Top of Stored data

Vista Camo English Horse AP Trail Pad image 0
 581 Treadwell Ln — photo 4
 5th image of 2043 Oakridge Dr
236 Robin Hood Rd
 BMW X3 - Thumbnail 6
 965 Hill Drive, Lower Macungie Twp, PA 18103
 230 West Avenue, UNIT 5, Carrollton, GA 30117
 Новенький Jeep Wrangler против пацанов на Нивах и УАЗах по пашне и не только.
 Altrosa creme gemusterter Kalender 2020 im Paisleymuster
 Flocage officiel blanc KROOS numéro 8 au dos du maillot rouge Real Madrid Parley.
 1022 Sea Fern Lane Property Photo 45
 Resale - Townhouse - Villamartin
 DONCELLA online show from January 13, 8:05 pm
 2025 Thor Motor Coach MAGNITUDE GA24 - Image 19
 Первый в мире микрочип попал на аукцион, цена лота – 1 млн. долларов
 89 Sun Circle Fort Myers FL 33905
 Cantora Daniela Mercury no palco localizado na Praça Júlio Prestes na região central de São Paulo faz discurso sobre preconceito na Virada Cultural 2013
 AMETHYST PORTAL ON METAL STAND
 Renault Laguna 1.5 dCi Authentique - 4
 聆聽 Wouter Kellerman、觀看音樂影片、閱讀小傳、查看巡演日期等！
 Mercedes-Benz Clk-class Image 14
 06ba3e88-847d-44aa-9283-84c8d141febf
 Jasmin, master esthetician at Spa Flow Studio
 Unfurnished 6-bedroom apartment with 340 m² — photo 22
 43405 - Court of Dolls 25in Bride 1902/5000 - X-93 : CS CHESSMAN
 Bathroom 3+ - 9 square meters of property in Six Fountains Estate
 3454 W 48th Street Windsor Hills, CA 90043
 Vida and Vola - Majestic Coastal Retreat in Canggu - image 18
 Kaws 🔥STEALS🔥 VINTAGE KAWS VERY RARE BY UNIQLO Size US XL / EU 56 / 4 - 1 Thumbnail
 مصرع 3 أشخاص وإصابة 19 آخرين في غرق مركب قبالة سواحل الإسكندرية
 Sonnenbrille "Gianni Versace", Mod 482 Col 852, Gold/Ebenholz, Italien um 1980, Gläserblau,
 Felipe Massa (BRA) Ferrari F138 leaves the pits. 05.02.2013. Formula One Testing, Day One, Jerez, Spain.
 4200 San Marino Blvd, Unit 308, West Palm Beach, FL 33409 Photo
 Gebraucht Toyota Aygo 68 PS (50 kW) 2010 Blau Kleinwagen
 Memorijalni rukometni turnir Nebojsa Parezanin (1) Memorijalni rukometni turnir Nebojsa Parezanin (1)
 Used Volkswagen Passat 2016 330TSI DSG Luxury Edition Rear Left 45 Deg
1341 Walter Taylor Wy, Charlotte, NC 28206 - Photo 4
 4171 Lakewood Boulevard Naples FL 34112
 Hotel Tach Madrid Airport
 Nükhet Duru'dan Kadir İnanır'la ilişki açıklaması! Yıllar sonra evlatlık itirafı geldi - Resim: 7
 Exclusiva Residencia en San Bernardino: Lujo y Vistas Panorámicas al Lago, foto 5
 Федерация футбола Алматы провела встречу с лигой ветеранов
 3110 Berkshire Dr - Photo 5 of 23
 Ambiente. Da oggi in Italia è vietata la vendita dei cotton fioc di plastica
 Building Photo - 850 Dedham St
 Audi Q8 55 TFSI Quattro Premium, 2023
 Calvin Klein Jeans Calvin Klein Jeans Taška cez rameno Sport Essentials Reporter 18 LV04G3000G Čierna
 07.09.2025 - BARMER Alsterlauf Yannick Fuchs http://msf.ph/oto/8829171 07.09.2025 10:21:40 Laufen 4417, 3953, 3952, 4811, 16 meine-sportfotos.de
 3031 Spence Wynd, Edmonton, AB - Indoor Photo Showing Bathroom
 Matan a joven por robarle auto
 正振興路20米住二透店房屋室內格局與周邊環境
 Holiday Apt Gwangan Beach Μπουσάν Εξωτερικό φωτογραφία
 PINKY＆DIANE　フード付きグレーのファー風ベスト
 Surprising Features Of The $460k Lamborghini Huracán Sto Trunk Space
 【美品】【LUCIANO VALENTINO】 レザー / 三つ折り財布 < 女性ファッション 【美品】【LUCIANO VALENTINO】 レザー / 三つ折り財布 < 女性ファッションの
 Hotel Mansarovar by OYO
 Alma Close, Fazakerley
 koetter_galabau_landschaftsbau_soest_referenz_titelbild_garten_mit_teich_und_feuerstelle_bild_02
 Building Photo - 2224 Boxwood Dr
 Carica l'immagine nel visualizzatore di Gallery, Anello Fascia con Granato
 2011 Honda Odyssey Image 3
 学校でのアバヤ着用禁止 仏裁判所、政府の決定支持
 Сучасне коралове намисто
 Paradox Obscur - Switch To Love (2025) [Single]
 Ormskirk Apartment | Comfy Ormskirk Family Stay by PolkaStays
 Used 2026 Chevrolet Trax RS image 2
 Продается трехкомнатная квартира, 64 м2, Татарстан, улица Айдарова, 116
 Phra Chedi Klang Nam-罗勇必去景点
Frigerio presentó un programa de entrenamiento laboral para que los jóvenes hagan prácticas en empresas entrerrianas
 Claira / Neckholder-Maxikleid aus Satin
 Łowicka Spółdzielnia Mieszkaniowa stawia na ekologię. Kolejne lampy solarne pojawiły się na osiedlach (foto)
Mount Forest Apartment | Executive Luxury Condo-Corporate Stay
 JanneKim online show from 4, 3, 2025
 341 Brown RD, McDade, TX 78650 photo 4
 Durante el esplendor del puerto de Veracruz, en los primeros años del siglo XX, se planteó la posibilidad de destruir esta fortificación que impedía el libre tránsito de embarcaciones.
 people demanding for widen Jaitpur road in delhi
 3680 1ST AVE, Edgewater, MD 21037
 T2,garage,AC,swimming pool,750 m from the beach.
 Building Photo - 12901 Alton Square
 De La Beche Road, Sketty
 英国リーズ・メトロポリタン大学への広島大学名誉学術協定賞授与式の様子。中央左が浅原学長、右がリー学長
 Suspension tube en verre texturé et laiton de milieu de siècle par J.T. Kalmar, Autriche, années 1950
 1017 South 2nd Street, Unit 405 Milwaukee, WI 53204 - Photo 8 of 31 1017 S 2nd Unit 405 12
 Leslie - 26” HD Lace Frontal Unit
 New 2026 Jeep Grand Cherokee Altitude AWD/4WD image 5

Bottom of Stored data

Directions for this task
Once more, write all of the records exactly as given.

Solution to this task
Vista Camo English Horse AP Trail Pad image 0
 581 Treadwell Ln — photo 4
 5th image of 2043 Oakridge Dr
236 Robin Hood Rd
 BMW X3 - Thumbnail 6
 965 Hill Drive, Lower Macungie Twp, PA 18103
 230 West Avenue, UNIT 5, Carrollton, GA 30117
 Новенький Jeep Wrangler против пацанов на Нивах и УАЗах по пашне и не только.
 Altrosa creme gemusterter Kalender 2020 im Paisleymuster
 Flocage officiel blanc KROOS numéro 8 au dos du maillot rouge Real Madrid Parley.
 1022 Sea Fern Lane Property Photo 45
 Resale - Townhouse - Villamartin
 DONCELLA online show from January 13, 8:05 pm
 2025 Thor Motor Coach MAGNITUDE GA24 - Image 19
 Первый в мире микрочип попал на аукцион, цена лота – 1 млн. долларов
 89 Sun Circle Fort Myers FL 33905
 Cantora Daniela Mercury no palco localizado na Praça Júlio Prestes na região central de São Paulo faz discurso sobre preconceito na Virada Cultural 2013
 AMETHYST PORTAL ON METAL STAND
 Renault Laguna 1.5 dCi Authentique - 4
 聆聽 Wouter Kellerman、觀看音樂影片、閱讀小傳、查看巡演日期等！
 Mercedes-Benz Clk-class Image 14
 06ba3e88-847d-44aa-9283-84c8d141febf
 Jasmin, master esthetician at Spa Flow Studio
 Unfurnished 6-bedroom apartment with 340 m² — photo 22
 43405 - Court of Dolls 25in Bride 1902/5000 - X-93 : CS CHESSMAN
 Bathroom 3+ - 9 square meters of property in Six Fountains Estate
 3454 W 48th Street Windsor Hills, CA 90043
 Vida and Vola - Majestic Coastal Retreat in Canggu - image 18
 Kaws 🔥STEALS🔥 VINTAGE KAWS VERY RARE BY UNIQLO Size US XL / EU 56 / 4 - 1 Thumbnail
 مصرع 3 أشخاص وإصابة 19 آخرين في غرق مركب قبالة سواحل الإسكندرية
 Sonnenbrille "Gianni Versace", Mod 482 Col 852, Gold/Ebenholz, Italien um 1980, Gläserblau,
 Felipe Massa (BRA) Ferrari F138 leaves the pits. 05.02.2013. Formula One Testing, Day One, Jerez, Spain.
 4200 San Marino Blvd, Unit 308, West Palm Beach, FL 33409 Photo
 Gebraucht Toyota Aygo 68 PS (50 kW) 2010 Blau Kleinwagen
 Memorijalni rukometni turnir Nebojsa Parezanin (1) Memorijalni rukometni turnir Nebojsa Parezanin (1)
 Used Volkswagen Passat 2016 330TSI DSG Luxury Edition Rear Left 45 Deg
1341 Walter Taylor Wy, Charlotte, NC 28206 - Photo 4
 4171 Lakewood Boulevard Naples FL 34112
 Hotel Tach Madrid Airport
 Nükhet Duru'dan Kadir İnanır'la ilişki açıklaması! Yıllar sonra evlatlık itirafı geldi - Resim: 7
 Exclusiva Residencia en San Bernardino: Lujo y Vistas Panorámicas al Lago, foto 5
 Федерация футбола Алматы провела встречу с лигой ветеранов
 3110 Berkshire Dr - Photo 5 of 23
 Ambiente. Da oggi in Italia è vietata la vendita dei cotton fioc di plastica
 Building Photo - 850 Dedham St
 Audi Q8 55 TFSI Quattro Premium, 2023
 Calvin Klein Jeans Calvin Klein Jeans Taška cez rameno Sport Essentials Reporter 18 LV04G3000G Čierna
 07.09.2025 - BARMER Alsterlauf Yannick Fuchs http://msf.ph/oto/8829171 07.09.2025 10:21:40 Laufen 4417, 3953, 3952, 4811, 16 meine-sportfotos.de
 3031 Spence Wynd, Edmonton, AB - Indoor Photo Showing Bathroom
 Matan a joven por robarle auto
 正振興路20米住二透店房屋室內格局與周邊環境
 Holiday Apt Gwangan Beach Μπουσάν Εξωτερικό φωτογραφία
 PINKY＆DIANE　フード付きグレーのファー風ベスト
 Surprising Features Of The $460k Lamborghini Huracán Sto Trunk Space
 【美品】【LUCIANO VALENTINO】 レザー / 三つ折り財布 < 女性ファッション 【美品】【LUCIANO VALENTINO】 レザー / 三つ折り財布 < 女性ファッションの
 Hotel Mansarovar by OYO
 Alma Close, Fazakerley
 koetter_galabau_landschaftsbau_soest_referenz_titelbild_garten_mit_teich_und_feuerstelle_bild_02
 Building Photo - 2224 Boxwood Dr
 Carica l'immagine nel visualizzatore di Gallery, Anello Fascia con Granato
 2011 Honda Odyssey Image 3
 学校でのアバヤ着用禁止 仏裁判所、政府の決定支持
 Сучасне коралове намисто
 Paradox Obscur - Switch To Love (2025) [Single]
 Ormskirk Apartment | Comfy Ormskirk Family Stay by PolkaStays
 Used 2026 Chevrolet Trax RS image 2
 Продается трехкомнатная квартира, 64 м2, Татарстан, улица Айдарова, 116
 Phra Chedi Klang Nam-罗勇必去景点
Frigerio presentó un programa de entrenamiento laboral para que los jóvenes hagan prácticas en empresas entrerrianas
 Claira / Neckholder-Maxikleid aus Satin
 Łowicka Spółdzielnia Mieszkaniowa stawia na ekologię. Kolejne lampy solarne pojawiły się na osiedlach (foto)
Mount Forest Apartment | Executive Luxury Condo-Corporate Stay
 JanneKim online show from 4, 3, 2025
 341 Brown RD, McDade, TX 78650 photo 4
 Durante el esplendor del puerto de Veracruz, en los primeros años del siglo XX, se planteó la posibilidad de destruir esta fortificación que impedía el libre tránsito de embarcaciones.
 people demanding for widen Jaitpur road in delhi
 3680 1ST AVE, Edgewater, MD 21037
 T2,garage,AC,swimming pool,750 m from the beach.
 Building Photo - 12901 Alton Square
 De La Beche Road, Sketty
 英国リーズ・メトロポリタン大学への広島大学名誉学術協定賞授与式の様子。中央左が浅原学長、右がリー学長
 Suspension tube en verre texturé et laiton de milieu de siècle par J.T. Kalmar, Autriche, années 1950
 1017 South 2nd Street, Unit 405 Milwaukee, WI 53204 - Photo 8 of 31 1017 S 2nd Unit 405 12
 Leslie - 26” HD Lace Frontal Unit
 New 2026 Jeep Grand Cherokee Altitude AWD/4WD image 5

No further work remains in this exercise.